Finally, the 4th column tells you the data type of each column. int64 means numerical integer values, which we can work with. ‘Object’ are text (string) values. You can see this in the df.head() results above. The column ‘Street’, for example has values like ‘Pave’. There are ways to turn such categories into numerical values (part of ‘feature engineering’) but that’s a beyond the scope of this exercise (we’ll look at feature engineering in more detail in a later lab).
df['Street']| Street | |
|---|---|
| 0 | Pave |
| 1 | Pave |
| 2 | Pave |
| 3 | Pave |
| 4 | Pave |
| ... | ... |
| 2925 | Pave |
| 2926 | Pave |
| 2927 | Pave |
| 2928 | Pave |
| 2929 | Pave |
2930 rows × 1 columns
As you can see, this dataset has 80 different features for 2930 different houses (‘measurements’), so a great example for multivariate regressions.
[Note that I don’t exactly know what each feature is, but you can mostly guess or probably find it online for the Ames housing dataset.]
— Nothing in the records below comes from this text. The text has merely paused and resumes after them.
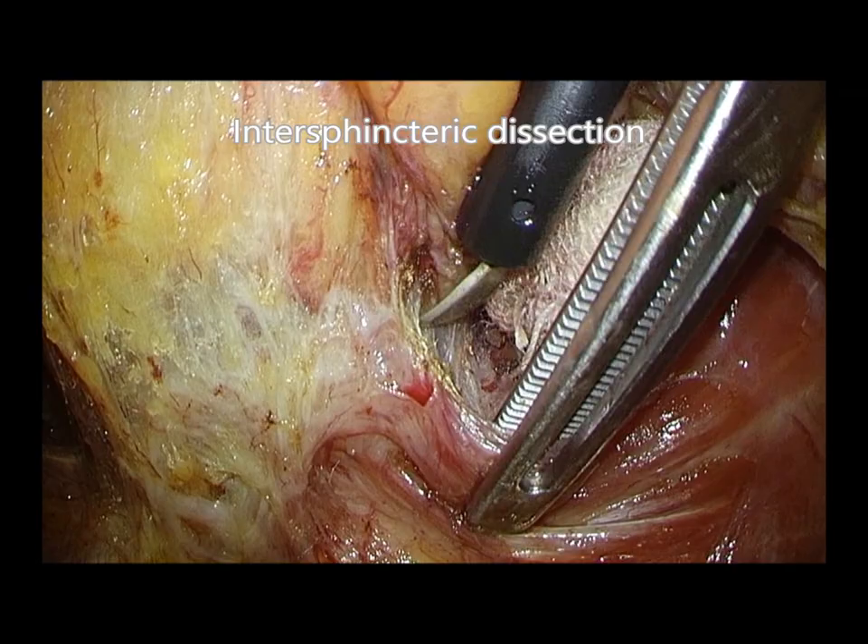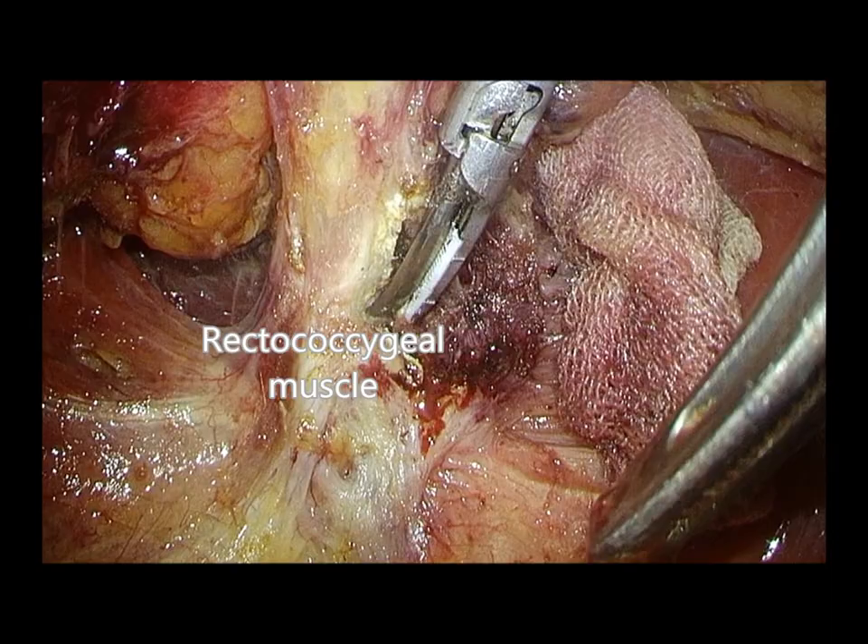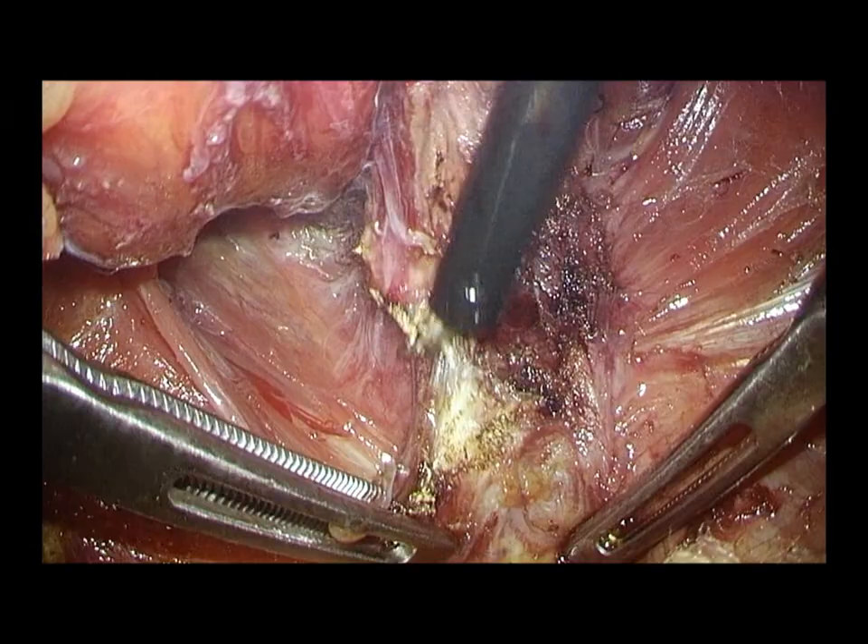Intersphincteric dissection starts from the dissection between the pubococcygeal muscle and rectal wall. Posterior to the rectal wall, the rectococcygeal muscle is divided. Careful attention is needed to avoid rectal wall injury.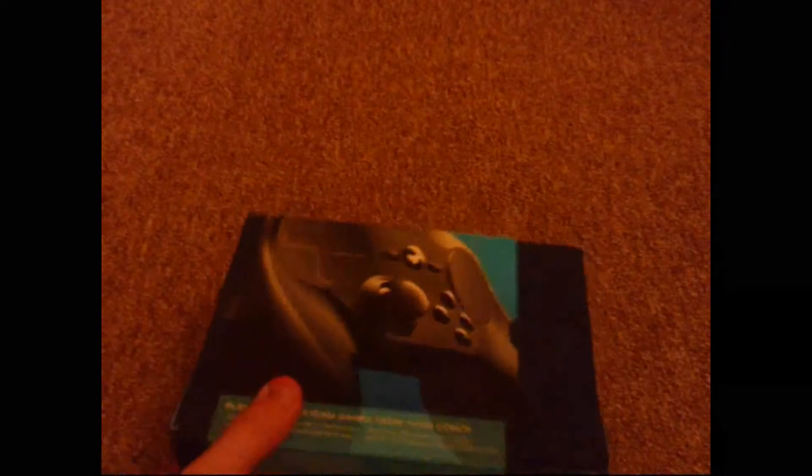Why has the colour suddenly gone funny? It's gone really weird. Well, I don't know why that's happened but it has — it hasn't really affected anything else, the carpet's just showing a weird colour. And then I've also got this as well that came with it, so for about £30 or so I got these two items.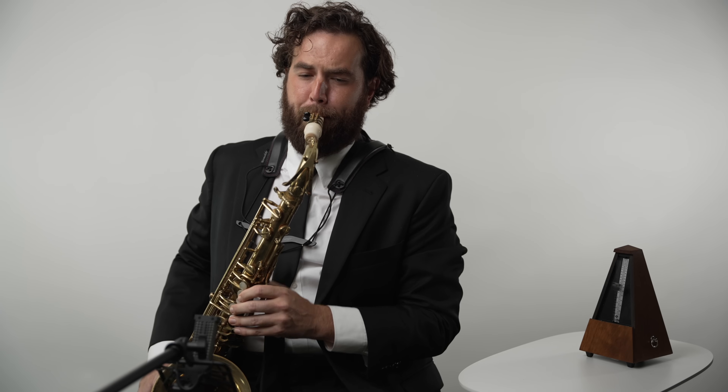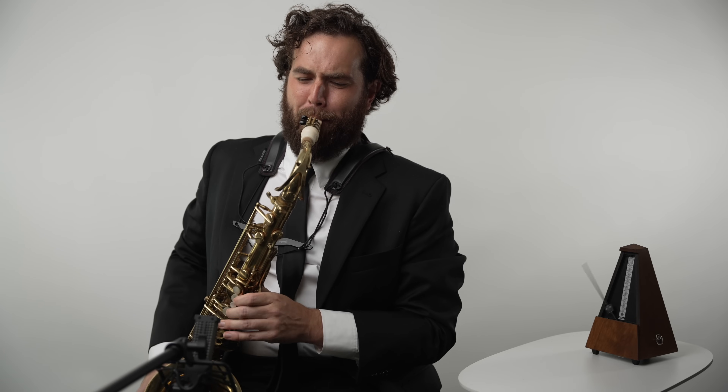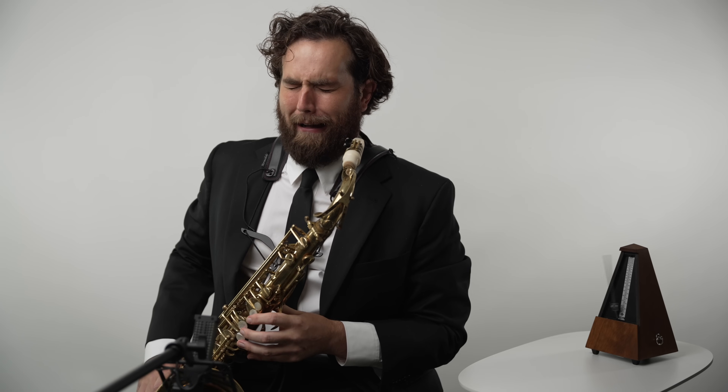I plopped him down to see if he could do it with no practice, no preparation — just pull out major sevenths in the circle of fourths. And then I said, 'Do it faster.' Faster. And then faster. I suppose everyone has their breaking point. I'll find mine one day.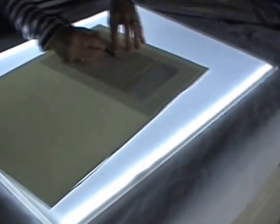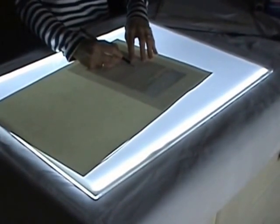That is the Lightbox UK A2 Professional Plus Lightbox.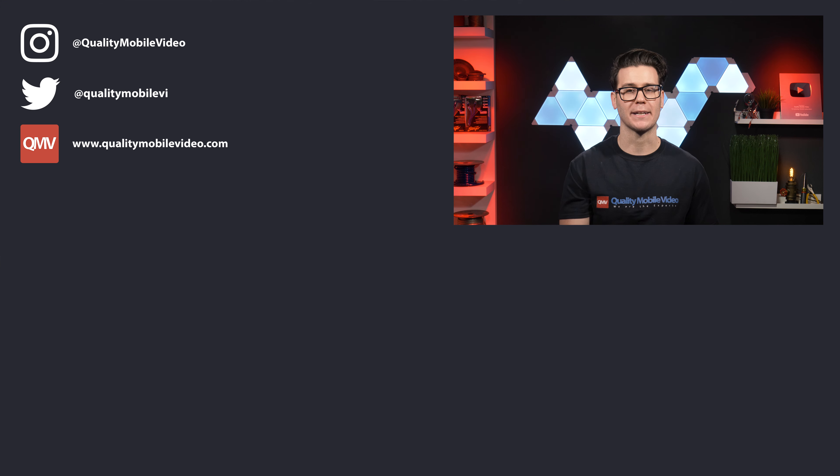If you enjoyed this video, go ahead and click that like button, but if you hate it, click the dislike button. Join the conversation below and subscribe to our channel if you're new. Thanks for watching.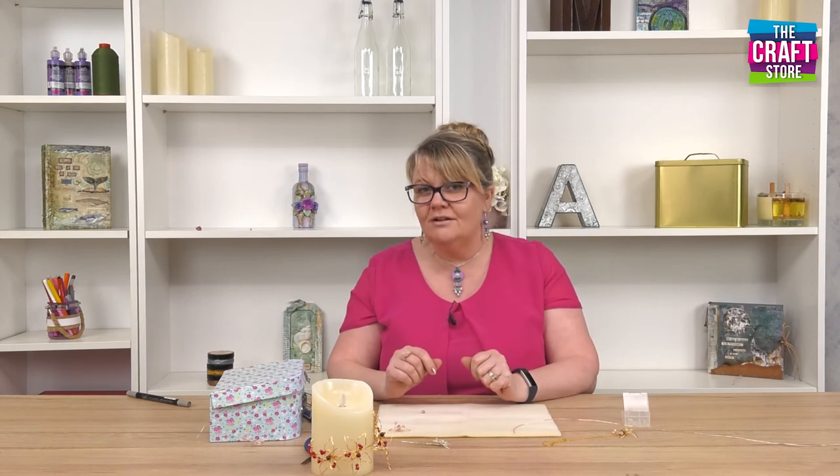Hi, I'm Rachel from Beads by Vichille and today I'm going to be showing you how to do a wire wrapped orchid. I'll talk you through step by step, but just to give you a little sneaky peek before we start as to what sort of things you can make with it.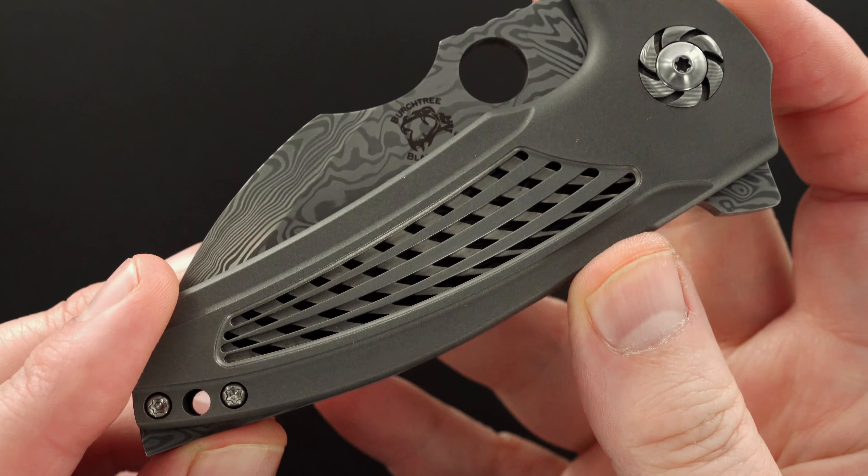It's beautiful and great. You've seen the action a few times — couldn't be better. Bank vault lockup, easy lock release, nice resistance, blade's dead center. That's a turbine pivot, and this one happens to be a damasteel turbine pivot.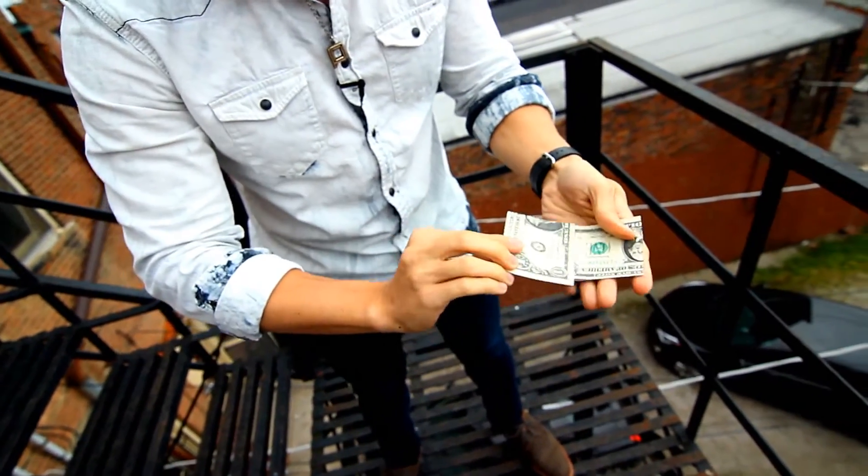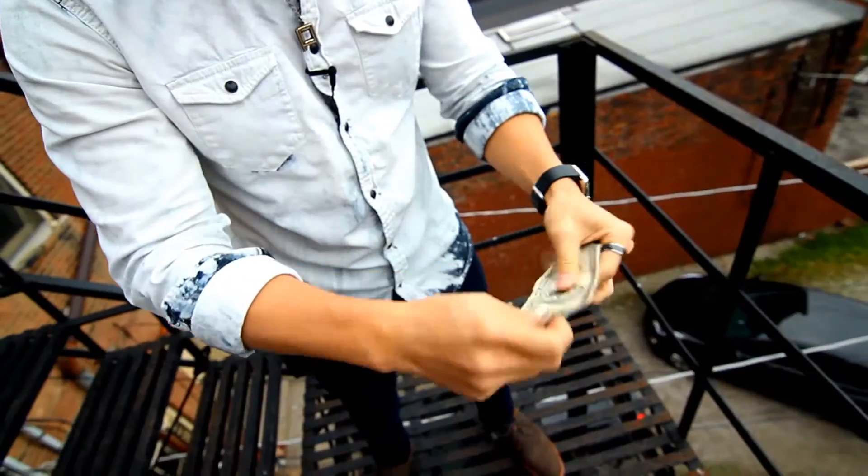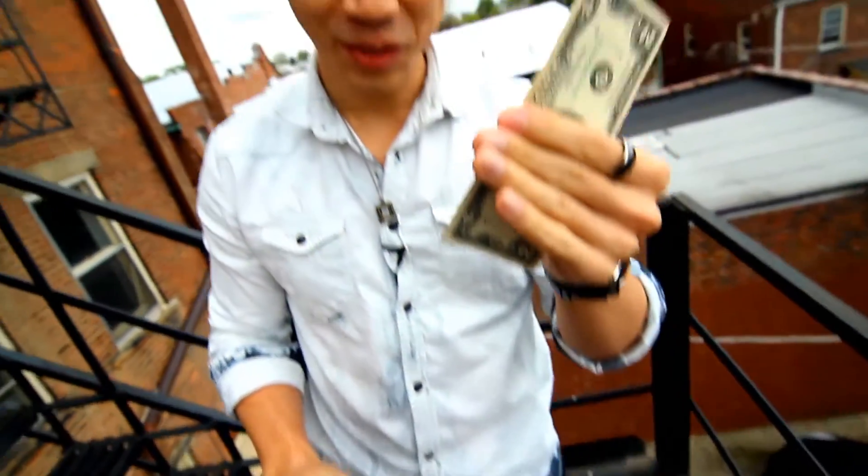It doesn't last very long. If you just let it cool down, watch — it goes right back to its original form. A $2 bill.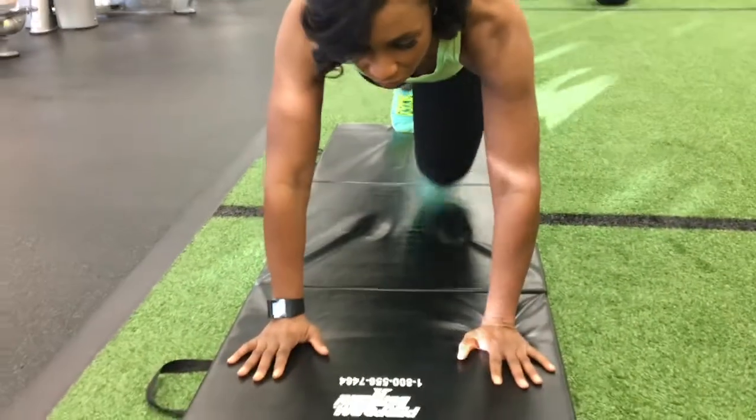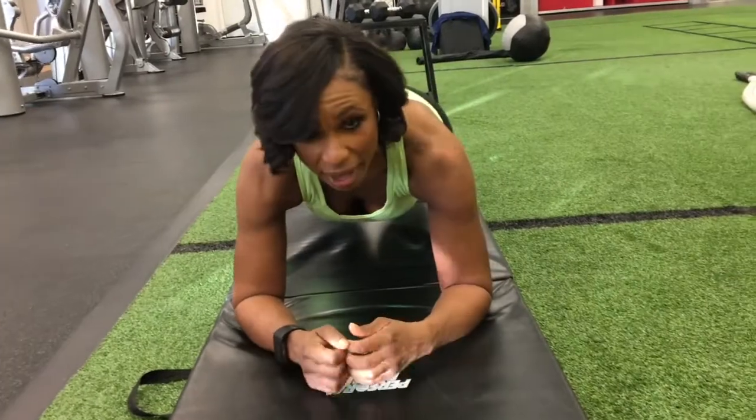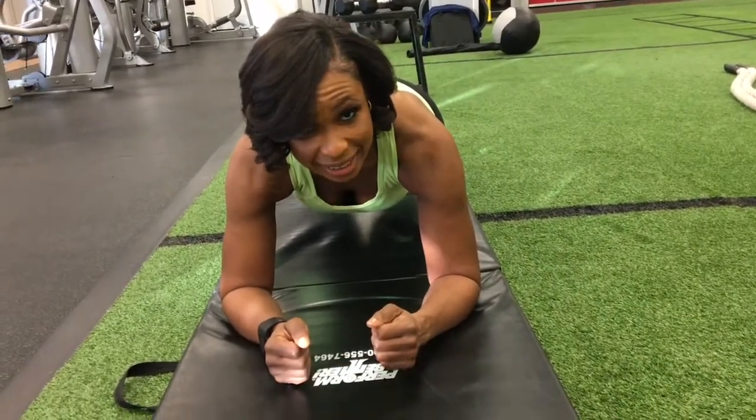One of the exercises you can do at home to strengthen your core is a plank. You can get on your knees, or you can do it on your toes, and hold this for a count of 10 seconds.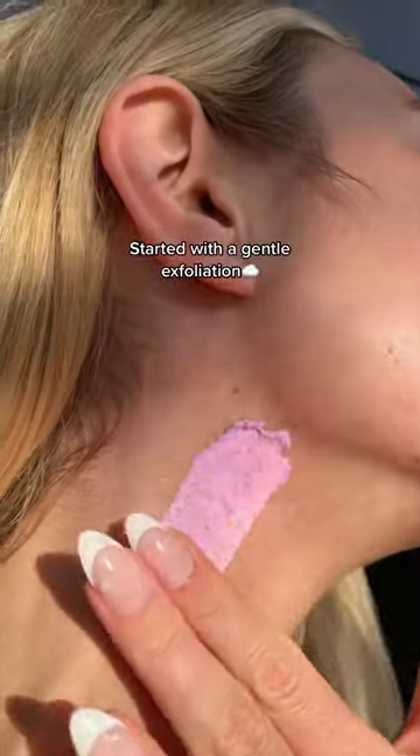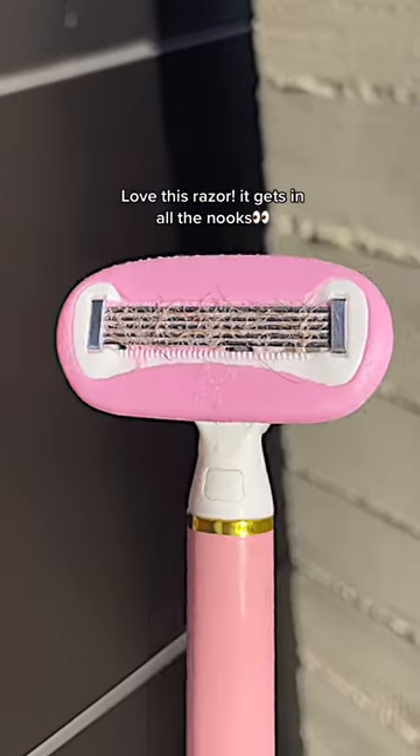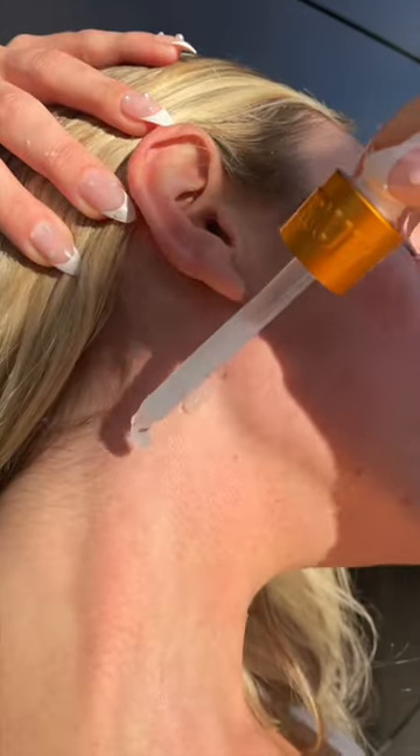I started with a gentle exfoliation to get all the chapped hairs out, and then a shave butter to prevent irritation on my super sensitive skin. I love this razor because it gets in all the nooks and crannies without cutting or irritating my skin.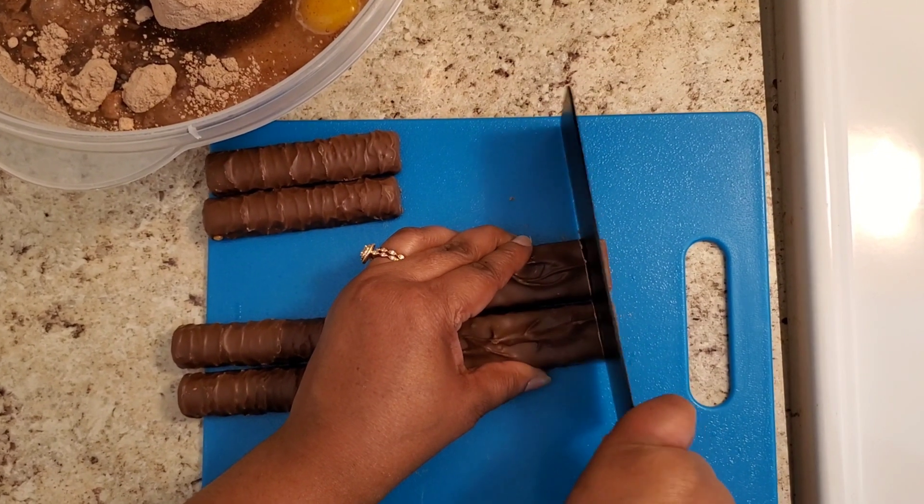Now we're just going to pop this in the oven for 12 to 15 minutes. I don't want it to be completely done — it is going to be like an ooey gooey consistency. So I will be checking it after 12 minutes.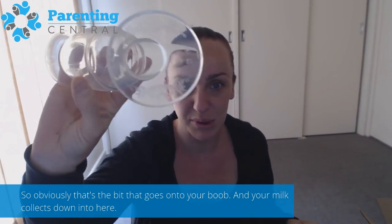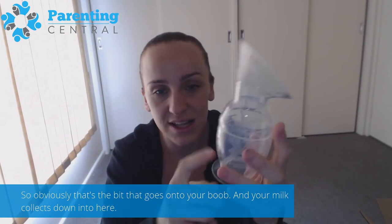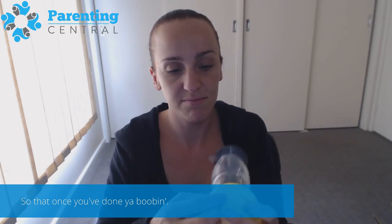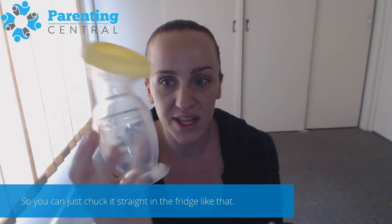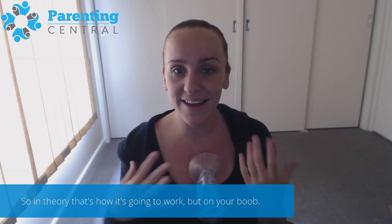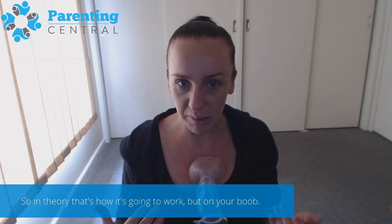It's just soft silicone — that's the part that goes onto your boob — and your milk collects down into here. You can get it with a lid, so once you've done your pumping you can just put it straight in the fridge like that. And it just suctions onto your chest. In theory, that's how it works, but on your boob.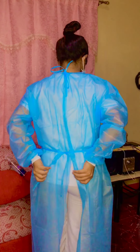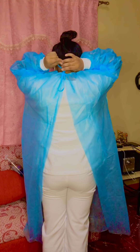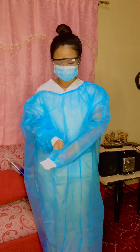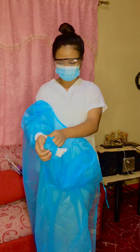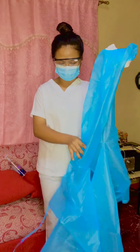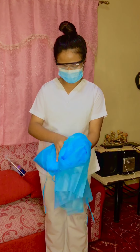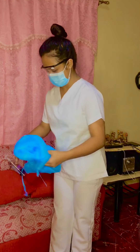Next, remove your gown. Break the ties gently or untie it, avoiding a forceful movement. Reach up to the shoulders and carefully pull or roll the gown down and move it away from the body. Dispose of the used gown.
Now we get to the fun part. Let’s ‘engineer’ the features that we think are helpful to predict the sale price of each house, which is in the last column. In this exercise we will only explore the ‘hypothesis’ that the sale prices have a linear dependence on the various features in this database (which in this case are indeed ‘features’ of each house).
I will try to just give you enough skeleton code so you don’t get too bogged down in pandas/numpy syntax. The challenge of this lab is for you to come up with the best multivariate linear regression model to predict house prices from whatever combination of features you choose.
To get started, first pull out the last column of the spreadsheet/pandas dataframe, which is the house price. Also, we turn this straight into a numpy array.
y = df['SalePrice'].to_numpy()It never hurts to visualize what we’re doing to gain some insight. For example, we can look at a histogram plot of house prices (i.e. number of houses sold within bins of certain price ranges):
plt.hist(y);
plt.title('Histogram of house prices')
plt.xlabel('Sale price')
plt.ylabel('# of houses at price');
This shows that by fast the most houses are sold around the $100,000 - $200,000 range with a long tail of more expensive houses. The distribution is rather skewed and the numbers are very large. For reasons I won’t go into, it may work better to fit to the (natural) log of house prices instead (but feel free to experiment with both!).
y = np.log(y)
plt.hist(y);
plt.title('Histogram of (log) house prices')
plt.xlabel('Log of sale price')
plt.ylabel('# of houses at price');
You can see that this looks less skewed (technically: more like a log-normal distribution of data, which is good).
Next we get to the more interesting, an interactive, part of the exercise: selecting the features that you think are helpful in precising sale prices. I will get you started with just 2 (not very good) features to show you how to do this in python, and then let you experiment with as many features as you like. After all, that’s what you gained by now understanding multivariate linear regression.
The goal is to come up with the best combination of features to predict house prices, which we will measure by the R2 score of the final fit, as compared to the actual sale price (which are the labels in our supervised learning approach).
features_i_want = ['Garage Area','Pool Area']
x = df[features_i_want].to_numpy()
x[np.isnan(x)] = 0 # try to understand this nice concise way in which python does this: np.isnan(x) gives the indices where x=NaN and x[np.isnan(x)] then sets just those values to zeroTwo notes here:
Next, we’ll use the same tricks as in the last lab to split our data into 80% of the houses as training data and 20% that we will use to validate our models.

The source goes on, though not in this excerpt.